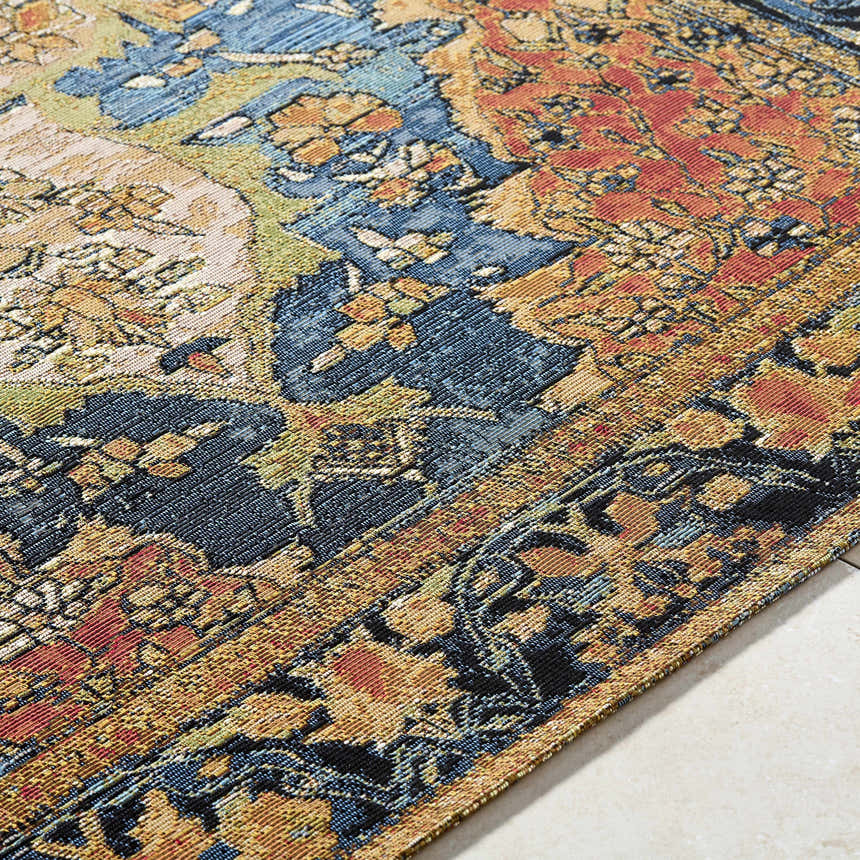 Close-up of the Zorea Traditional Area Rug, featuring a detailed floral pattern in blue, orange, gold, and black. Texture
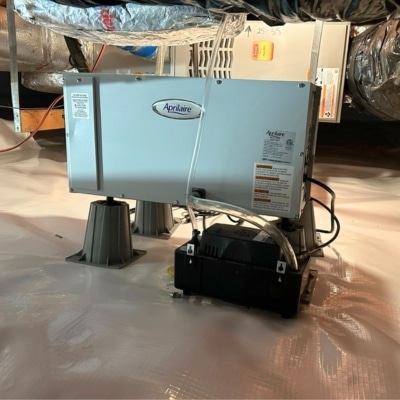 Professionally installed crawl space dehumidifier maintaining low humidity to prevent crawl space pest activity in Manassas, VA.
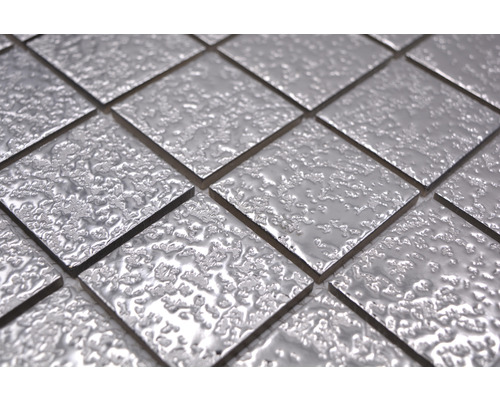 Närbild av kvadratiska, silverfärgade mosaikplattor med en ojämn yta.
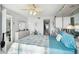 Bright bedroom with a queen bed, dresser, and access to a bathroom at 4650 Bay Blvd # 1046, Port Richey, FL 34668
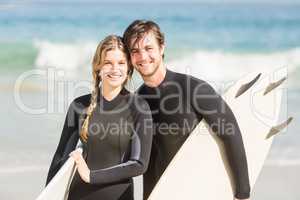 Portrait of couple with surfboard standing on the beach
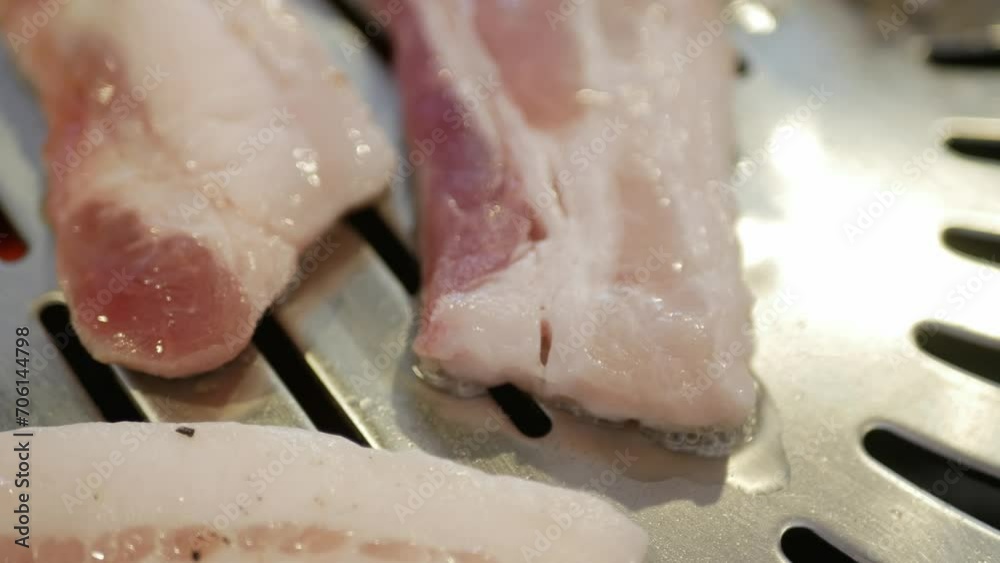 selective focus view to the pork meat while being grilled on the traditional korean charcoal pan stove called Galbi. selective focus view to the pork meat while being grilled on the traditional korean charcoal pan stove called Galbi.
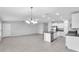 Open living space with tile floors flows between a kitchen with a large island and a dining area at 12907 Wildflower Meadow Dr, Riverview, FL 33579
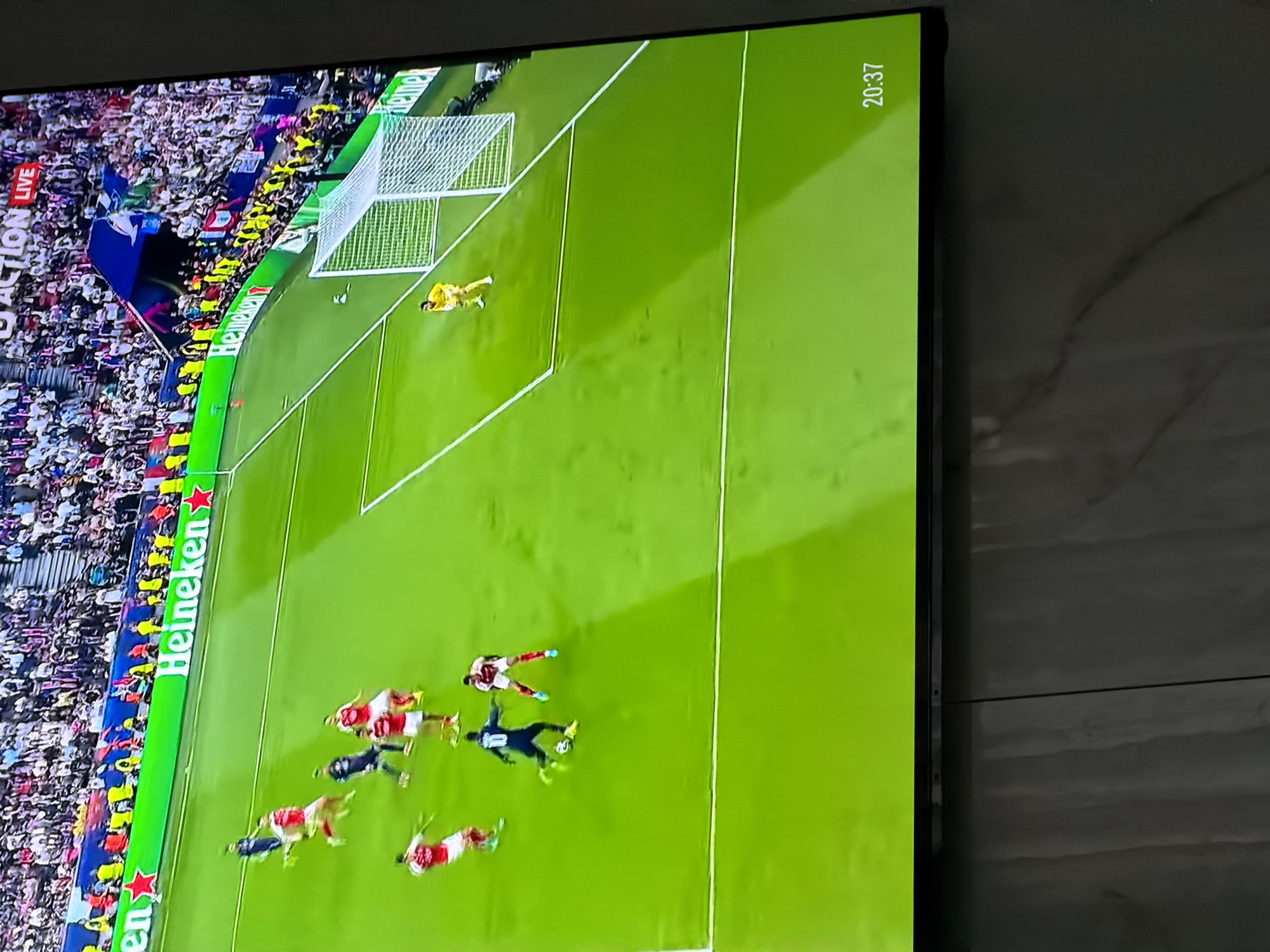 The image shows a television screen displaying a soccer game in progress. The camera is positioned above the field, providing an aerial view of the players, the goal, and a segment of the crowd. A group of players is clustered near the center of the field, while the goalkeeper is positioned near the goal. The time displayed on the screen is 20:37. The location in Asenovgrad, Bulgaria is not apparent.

═══

> **Task**:
Leaving pictures out, output the lines of the data above from the one with "Portrait of couple" through the one with "Open living space", word for word.

> **Solution to the problem**:
 Portrait of couple with surfboard standing on the beach
 selective focus view to the pork meat while being grilled on the traditional korean charcoal pan stove called Galbi. selective focus view to the pork meat while being grilled on the traditional korean charcoal pan stove called Galbi.
 Open living space with tile floors flows between a kitchen with a large island and a dining area at 12907 Wildflower Meadow Dr, Riverview, FL 33579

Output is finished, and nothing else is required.